:: Data

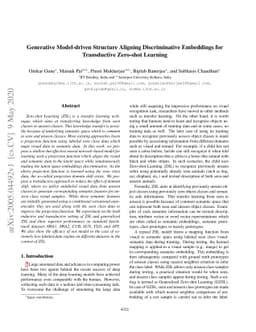 Generative Model-driven Structure Aligning Discriminative Embeddings for
  Transductive Zero-shot Learning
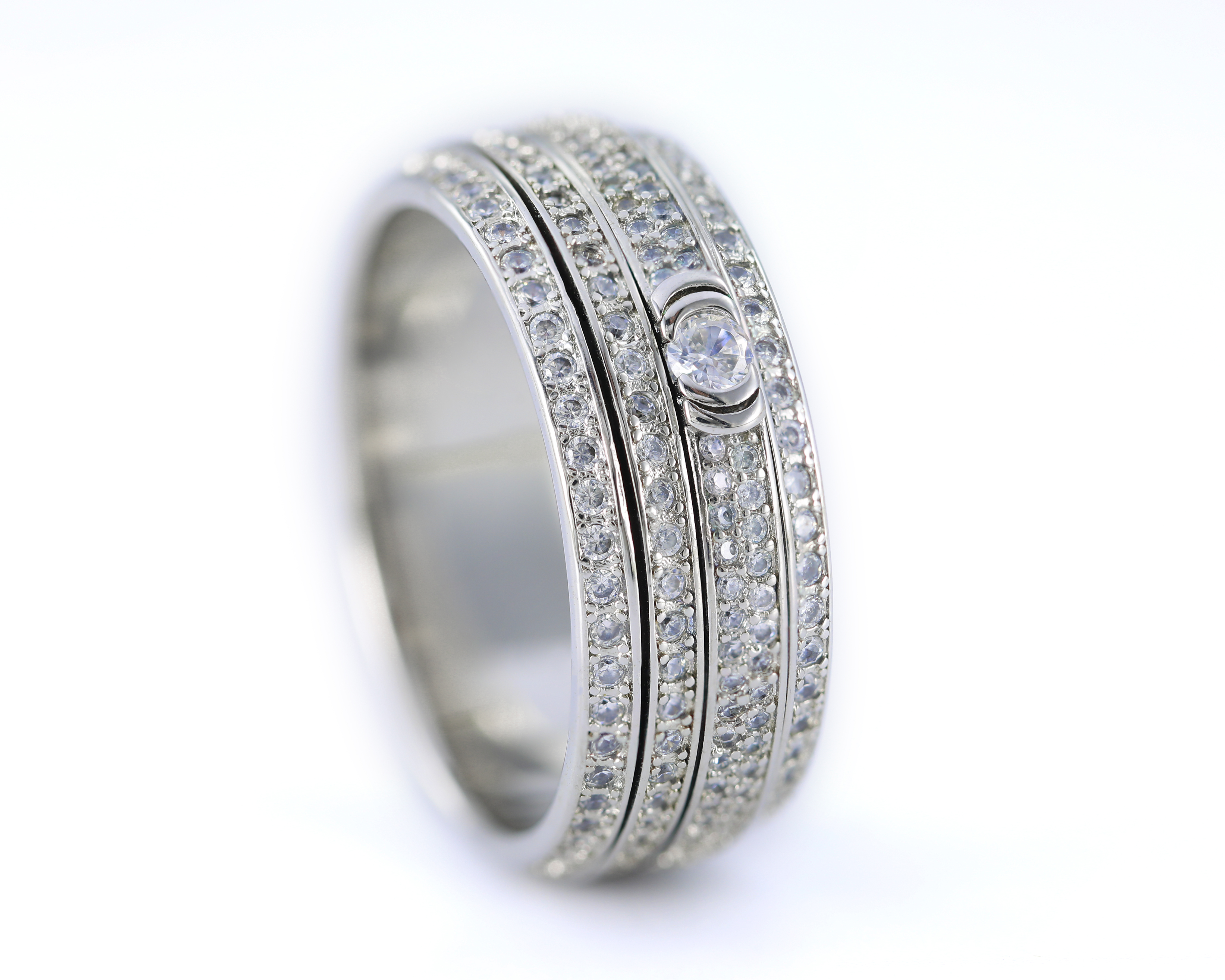 Elegant Iced Out Moissanite Double Spinner Ring with Cubic Zirconia, 925 Sterling Silver, Calming Meditation Band for Men & Women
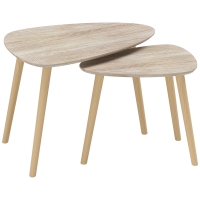 HOMCOM Set of 2 Scandinavian nesting coffee tables with wooden legs and wooden tops, natural finish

::::

▸ **What you have to do**: Type the listing above out again exactly, and omit all pictures.

▸ **Written answer**:
 Generative Model-driven Structure Aligning Discriminative Embeddings for
  Transductive Zero-shot Learning
 Elegant Iced Out Moissanite Double Spinner Ring with Cubic Zirconia, 925 Sterling Silver, Calming Meditation Band for Men & Women
 HOMCOM Set of 2 Scandinavian nesting coffee tables with wooden legs and wooden tops, natural finish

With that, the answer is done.